To save money on prescription drugs, it is often necessary to have a prescription in hand to send to an international online pharmacy or shop around at local pharmacies to compare their prices and discounts. However, some U.S. states, like New York, now require that most health professionals write prescriptions electronically, without giving you a paper prescription.

So are you out of luck if you need a paper prescription?

Fortunately, not.

The rules, for example, in New York (where e-prescribing becomes mandatory on March 27, 2016) provide exceptions to allow written prescriptions. One of these is when the prescription is “to be dispensed by a pharmacy located outside the state.” Therefore, in New York, a doctor can still legally hand you a prescription if you intend to have it filled outside of New York. (You can read this for yourself in paragraph (c)(5) of Title 10 NYCRR Section 80.64).

The New York law also says that a doctor who gives you a written prescription is supposed to report the issuance of that prescription to the New York Department of Health within 48 hours. However, the law does not explain how this to be done, so I asked the Department of Health. My question was forwarded to a pharmacist consultant with the department who called me back this morning. He told me that if a written prescription is given to a patient under one of the exceptions, “there is currently no functionality for reporting that to the Department of Health.” Instead, he said “the fact that a written prescription was given should just be noted in the patient’s chart.”

I also asked the pharmacist if a doctor can give a patient a written prescription so they can shop it around to find an affordable price or discount. He said that that is acceptable “if it’s deemed necessary by the doctor.” Again, he said that this should be noted in the patient’s chart.

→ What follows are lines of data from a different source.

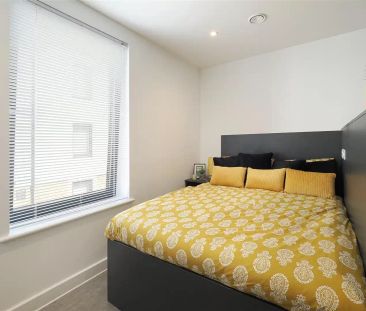 Studio Style C02 - Photo 6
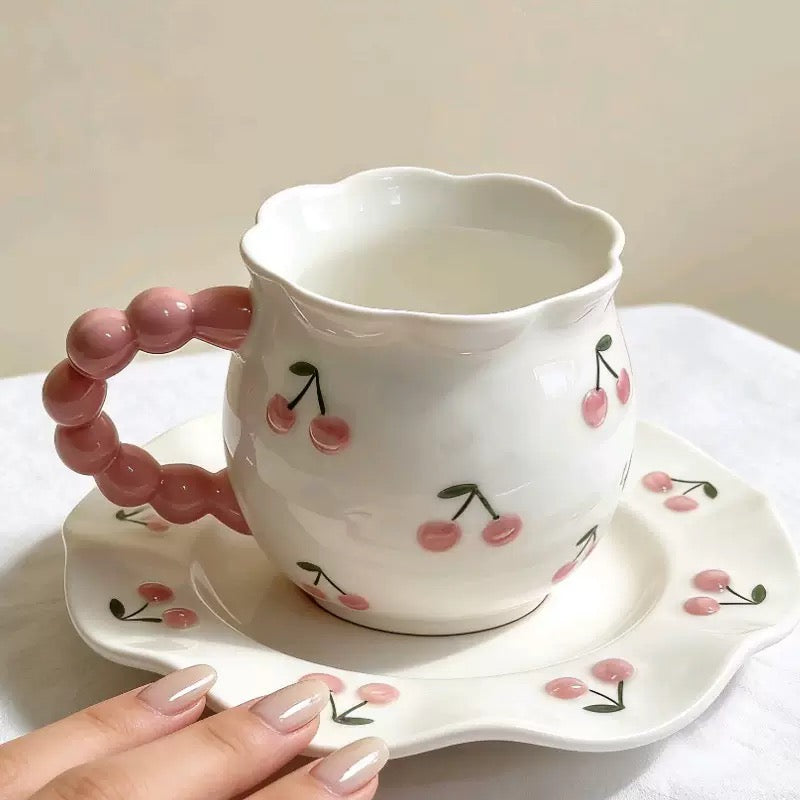 كوب كرز مع صحن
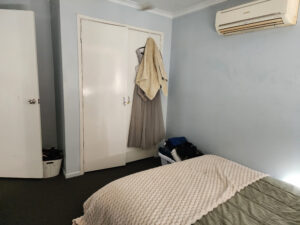 1 Lockett St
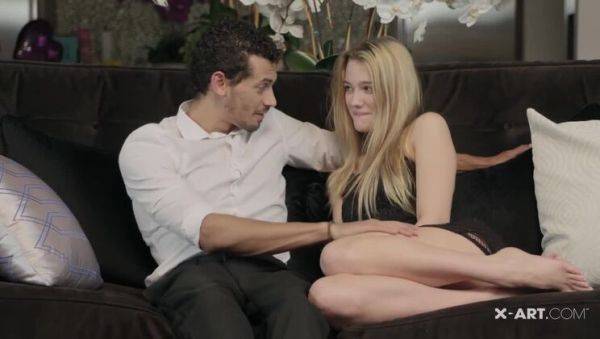 Blonde Kenna: Meet the Fortunate Bastard (Hot Damn, It's Alex!) - veryfreeporn.com on poweredporn.com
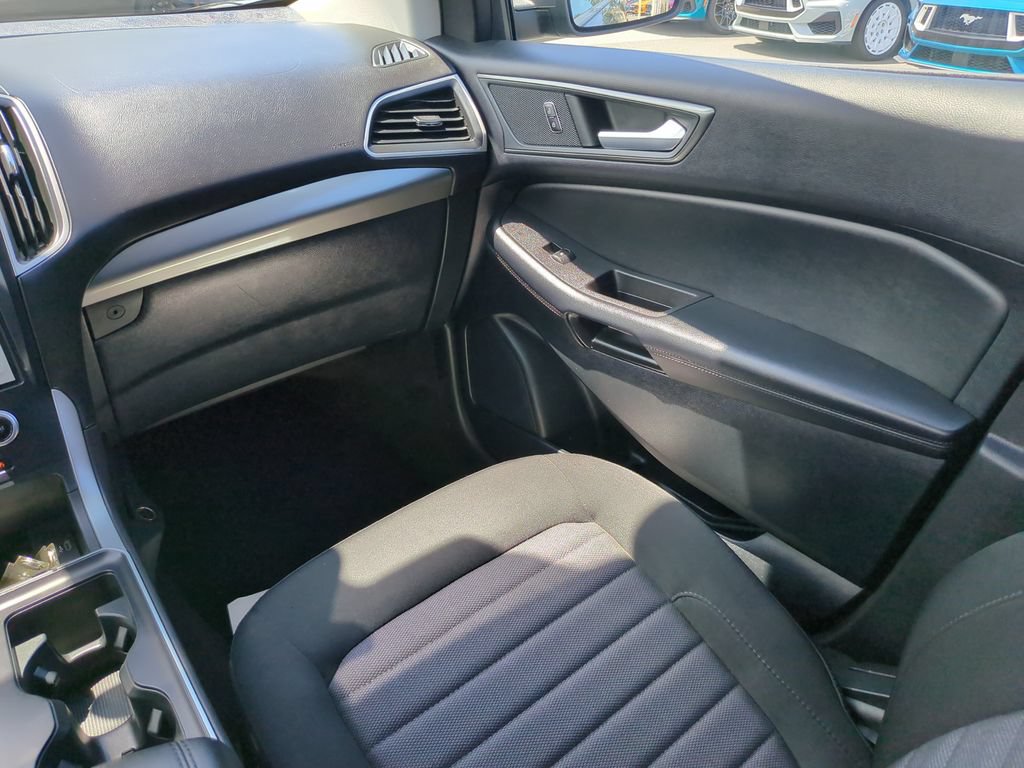 Certified 2022 Ford Edge SE w/ Black Appearance Package AWD/4WD image 19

UPDATE: Shortly after publishing this blog post, the Department of Health updated its FAQ about e-Prescribing, changing its advice on this topic. It has created an email address (erx@health.ny.gov) to which a practitioner should send a message if a written prescription is given (see details in the FAQ in answers to Q139 to Q143). It would seem prudent to also make a note in the patient’s chart for the reason for the written prescription.

E-prescribing is practiced to some degree in all 50 states and 60% of all NY prescribers already e-prescribe. Minnesota has adopted a comprehensive e-prescribing program. But only NY, as of March 27th, will issue fines to prescribers who don’t follow the rules.

The e-prescribing laws were originally enacted to cut down on improper dispensing of controlled substances but are being extended to all prescriptions. The reasons given in New York are “to minimize medication errors” and “the integration of prescription records directly into the patient’s electronic medical record.” In addition, “Electronic prescribing has the potential to reduce prescription theft and forgery.” That’s all well and good, but it is also important that it does not interfere with the overall delivery of good medical care — which includes making sure that patients are able to afford their medicine.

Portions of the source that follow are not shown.